A town in Ukraine, also known as Sharigrad. During World War II Jews from Romania were deported to various towns in Transnistria, which was then under German occupation. Large-scale deportations began in August 1941, after Romania and Germany occupied the previously Soviet territories of Bessarabia (today the Moldovan Republic) and Bukovina. Jews from the newly occupied Romanian lands (Bessarabia and Bukovina), as well as from Romania were sent over the Dniester river to Transnistria. The severe living conditions, the harsh winter and a typhus epidemic contributed to the large number of deaths in the camps established in many towns of Transnistria.

15 Sovkhoz

state-run agricultural enterprise. The first sovkhoz yards were created in the USSR in 1918. According to the law the sovkhoz property was owned by the state, but it was assigned to the sovkhoz which handled it based on the right of business maintenance.

16 Stalingrad Battle

17th July 1942 – 2nd February 1943. The South-Western and Don Fronts stopped the advance of German armies in the vicinity of Stalingrad. On 19th and 20th November 1942 the Soviet troops undertook an offensive and encircled 22 German divisions (330,000 people) and eliminated them. On 31st January 1943 the remains of the 6th German army headed by General Field Marshal Paulus surrendered (91,000 people). The victory in the Stalingrad battle was of huge political, strategic and international significance.
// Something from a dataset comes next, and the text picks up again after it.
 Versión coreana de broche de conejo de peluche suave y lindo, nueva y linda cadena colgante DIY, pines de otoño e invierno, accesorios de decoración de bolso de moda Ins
17 Mass emigration from Romania after World War II

After World War II the number of Jewish people emigrating from Romania to Israel was much higher than in earlier periods. This was urged not only by the establishment in 1948 of Israel, and thus by the embodiment of an own state, but also by the general disillusionment caused by the attitude of the receiving country and nation during World War II. Between 1919 and 1948 a number of 41,000 Jews from Romania left for Israel, while between May 1948 (the establishment of Israel) and 1995 this number increased to 272,300. The emigration flow was significantly influenced after 1948 by the current attitude of the communist regime towards the aliyah issue, and by its diplomatic relations with Israel. The main emigration flows were between 1948-1951 (116,500 persons), 1958-1966 (106,200 persons) and 1969-1974 (17,800 persons).

18 Romanian Revolution of 1989

In December 1989, a revolt in Romania deposed the communist dictator Ceausescu. Anti-government violence started in Timisoara and spread to other cities. When army units joined the uprising, Ceausescu fled, but he was captured and executed on 25th December along with his wife. A provisional government was established, with Ion Iliescu, a former Communist Party official, as president. In the elections of May 1990 Iliescu won the presidency and his party, the Democratic National Salvation Front, obtained an overwhelming majority in the legislature.